One simple, basic question you have been asked literally dozens of times is "The Sun only delivers about 200w of input to the surface yet it radiates at 400w. Where does the extra energy come from?"

The one time you even tried to answer was "what about geothermal". I said it was insignificant, on the order of 2w. Is that still your best answer? How does the geothermal energy move through the oceans unnoticed? 200w is a lot to go undetected. Is it easier to detect on land? Do you have some evidence?

Or are you just talking out your ass? Again.


----------



## SSDD (Jun 16, 2017)

Your 200w to the surface number is bullshit...the sun would deliver 200w to the surface of a flat disk that was not rotating and was 4 times further away from the sun than the earth.


----------



## polarbear (Jun 16, 2017)

IanC said:


> SSDD said:
> 
> 
> > ...he is showing you real world, observable, measurable, testable examples of how you are wrong and you flatly reject them because they don't agree with your unobservable, unmeasurable, untestable mathematical models...
> ...


_I have repeatedly asked him to directly quote my statements but he refuses because he can't refute the ideas I put forth. The only time he actually quotes me is when finds a grammatical mistake, ignoring the context and main thought. Remember his rant about how there are no air molecules, only molecules of air? How petty is that?_
Like your "irrefutable air molecule idea" ?
"Air molecules" was a "grammatical mistake"?
N2,O2,O3,H20 and CO2 are molecules. Air is a mixture there is no molecular bond between these molecules. You might as well have said potato molecules. Why should I take science lessons from any person who is talking about air molecules ?
Now you say that it was "only a grammatical error" and that I allegedly said "there are only molecules of air". I said no such thing, but you must insist because you claim it was not a gross technical error, but "only a grammatical error" and "fixed it" by changing "air molecules" to "molecules of air".
"How petty is that"? Try and submit a chemistry patent and find out how "petty" the examination process is if you claim that by adding  more of something to air you made novel "air molecules".
It`s a bitch isn`t it, if your own words became your prison....and calling entire sections of chemistry and physics that deal with molecular bonding nothing more than a "rant" is not the way out either.


----------



## IanC (Jun 16, 2017)

polarbear said:


> IanC said:
> 
> 
> > SSDD said:
> ...




I made a cursory search for the original comments but they might be in a different thread. Perhaps you could find them easier as you post fewer comments.

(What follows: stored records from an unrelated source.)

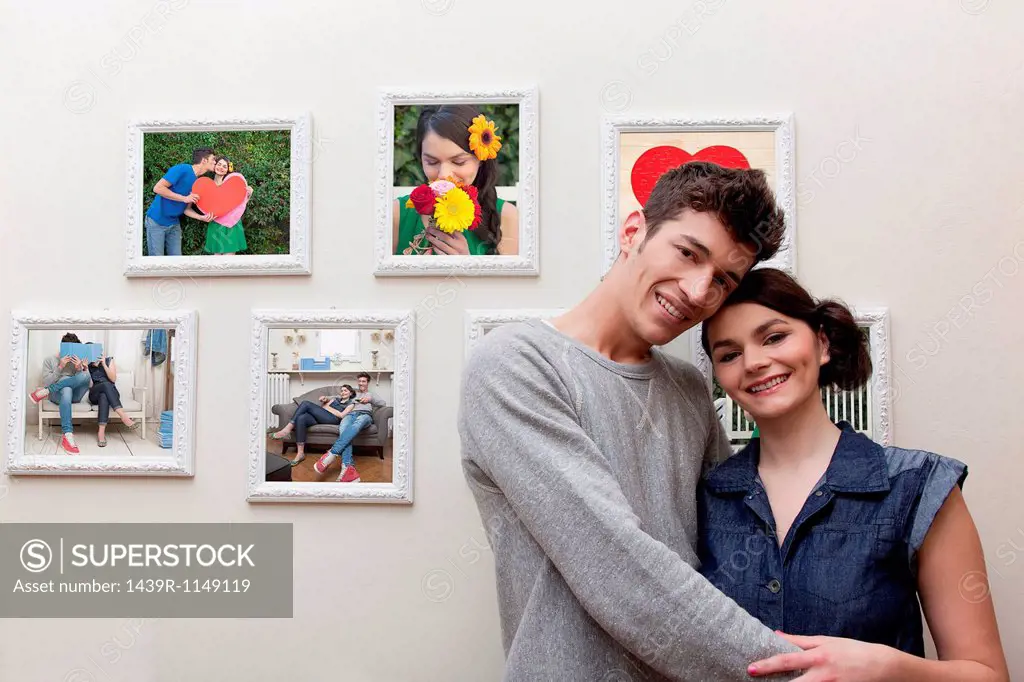 Young couple in front of wall of photographs
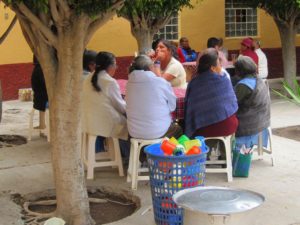 In the Parroquia's sunny courtyard, long tables covered with red and white checked tablecloths are set up the weekly luncheon. © Edythe Anstey Hanen, 2013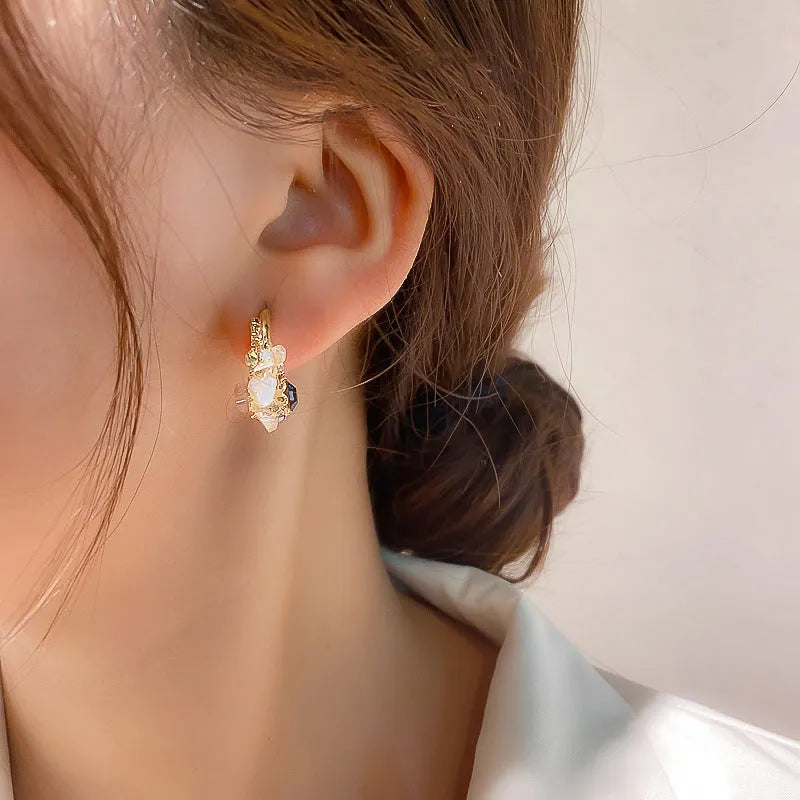 Green flower earrings with real gold plating, 925 silver needle, and diamond processing on an alloy body, gold colour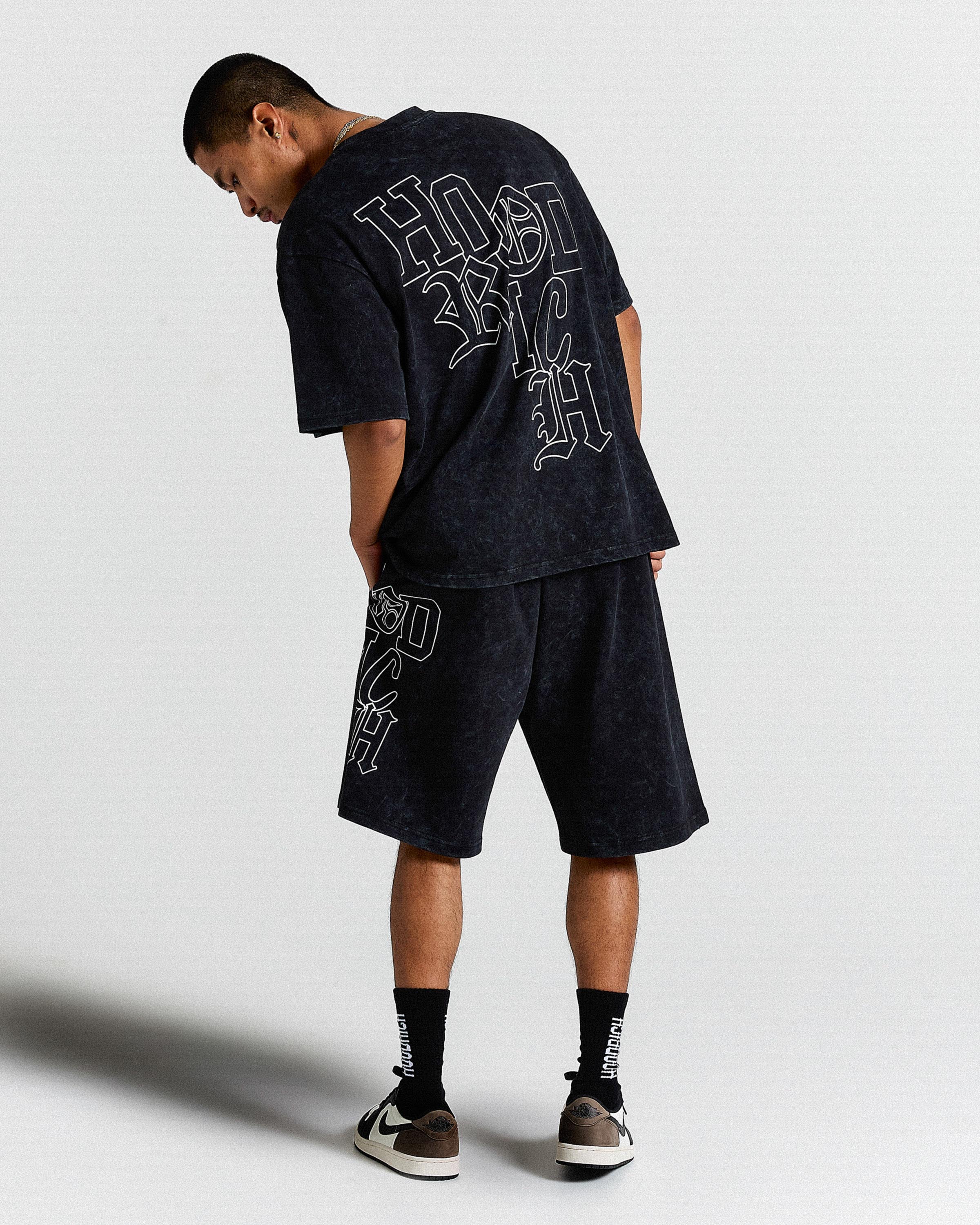 Person wearing a black outfit with white text on a plain background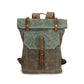 Front view of olive green and teal green canvas roll-top backpack with brown buckle strap and top handle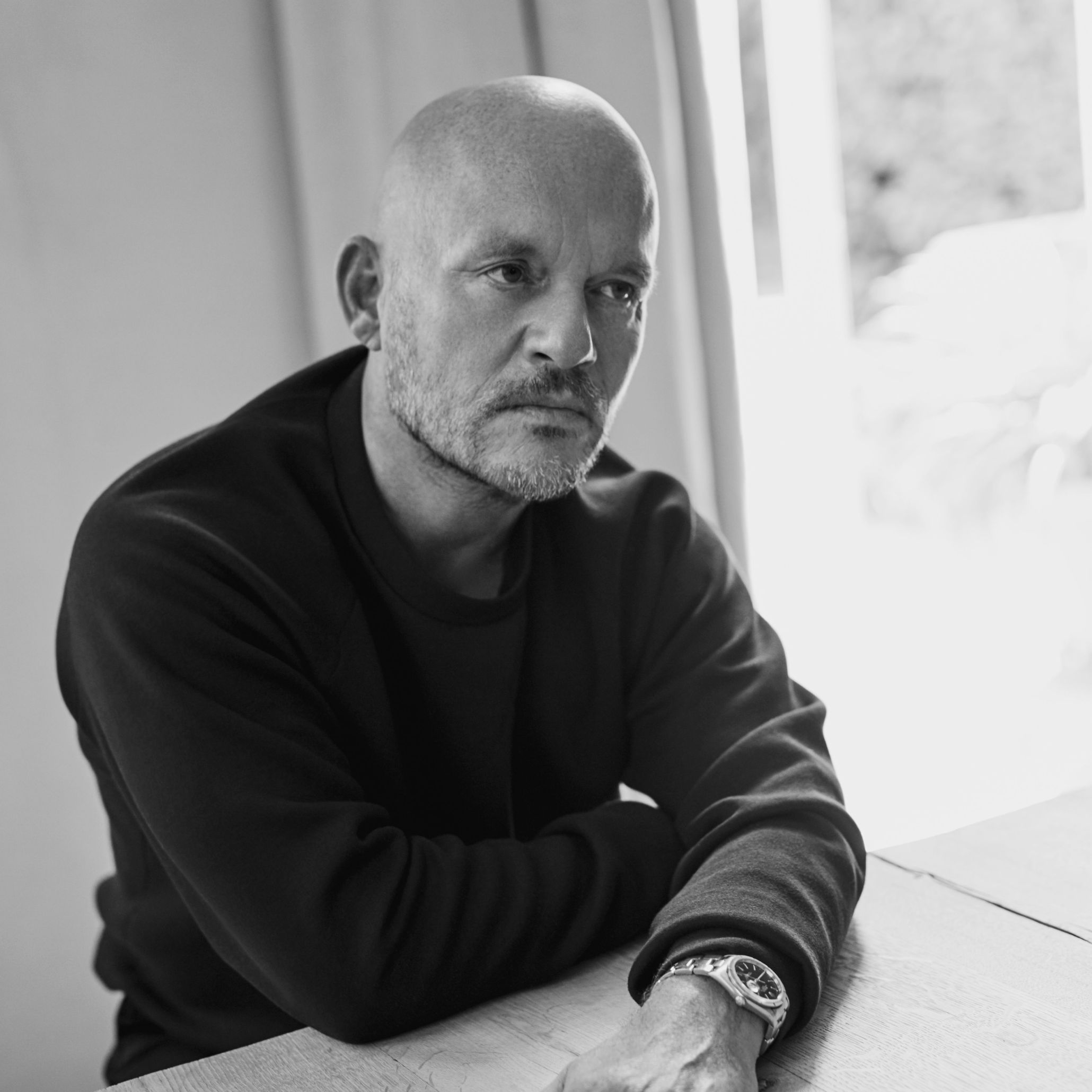 Black and white portrait of Vincent Van Duysen, founder of Vincent Van Duysen Architects, seated with arms crossed beside a window.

I believe your rant was in response to my claim that it takes a lot of energy to put the mass of the atmosphere into the gravity field above the surface. The first of several numbered points.

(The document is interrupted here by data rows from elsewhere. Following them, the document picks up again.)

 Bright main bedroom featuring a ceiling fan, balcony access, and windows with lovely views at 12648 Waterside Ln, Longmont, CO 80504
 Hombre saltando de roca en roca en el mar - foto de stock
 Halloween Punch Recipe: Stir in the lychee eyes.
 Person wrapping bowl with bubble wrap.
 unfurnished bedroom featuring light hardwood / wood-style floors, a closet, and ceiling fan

Air is a mixture of various components. There are both molecules and atoms present. I am surprised that you did not call me out for that imprecision of language as well. 

As my claim dealt primarily with mass, not bonding, I find your reference to writing a chemistry patent to be specious.

This is a message board with conversational exchanges of ideas. There is no expectation of journal quality precision and conciseness. Your petty nitpicking over terminology while ignoring the central idea is annoying. I am not proud that I stooped to your level and started to return insults. If I used your level of intelligence and knowledge as the cutoff for being stupid then the vast majority of posters here would be labeled stupid.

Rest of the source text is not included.